━━ EXTRACTED INFORMATION ━━

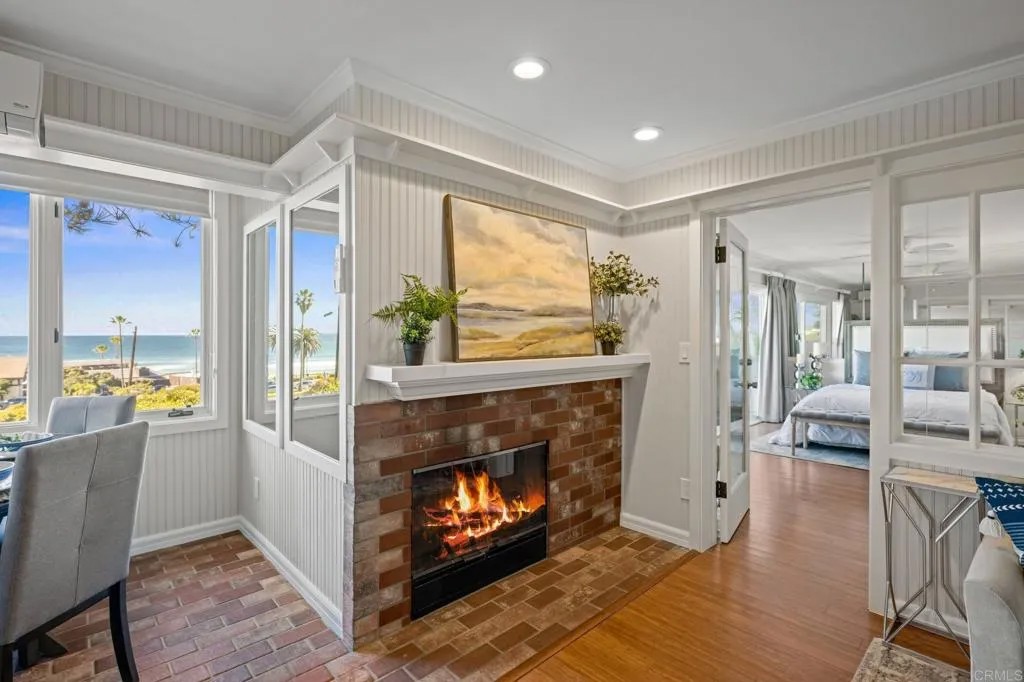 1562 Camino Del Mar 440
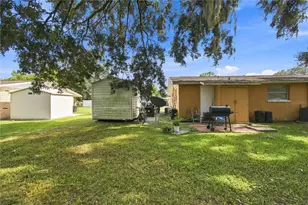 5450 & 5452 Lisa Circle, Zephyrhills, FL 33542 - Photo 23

━━━
━━ EXTRACTED INFORMATION ━━

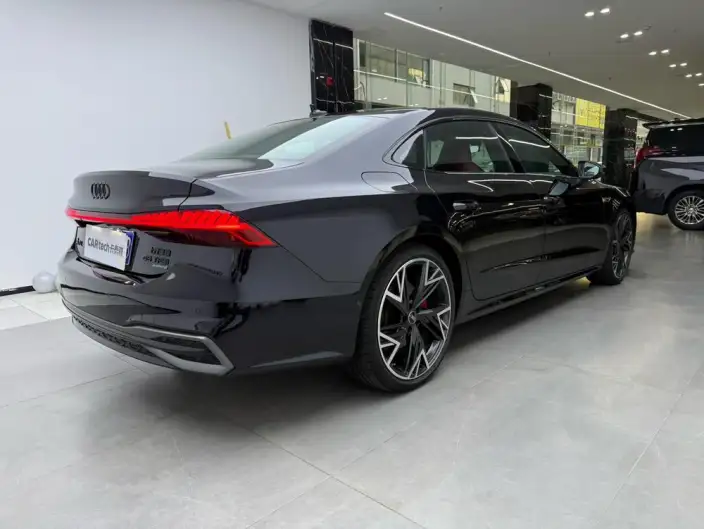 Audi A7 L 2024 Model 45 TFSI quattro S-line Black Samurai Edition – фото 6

━━━

WHAT IS NEEDED: Copy out exactly the lines above beginning with the line that contains "1562 Camino Del Mar 440" and finishing with the line that contains "5450 & 5452", including both; leave the pictures out.

SOLUTION TO THIS EXERCISE:
 1562 Camino Del Mar 440
 5450 & 5452 Lisa Circle, Zephyrhills, FL 33542 - Photo 23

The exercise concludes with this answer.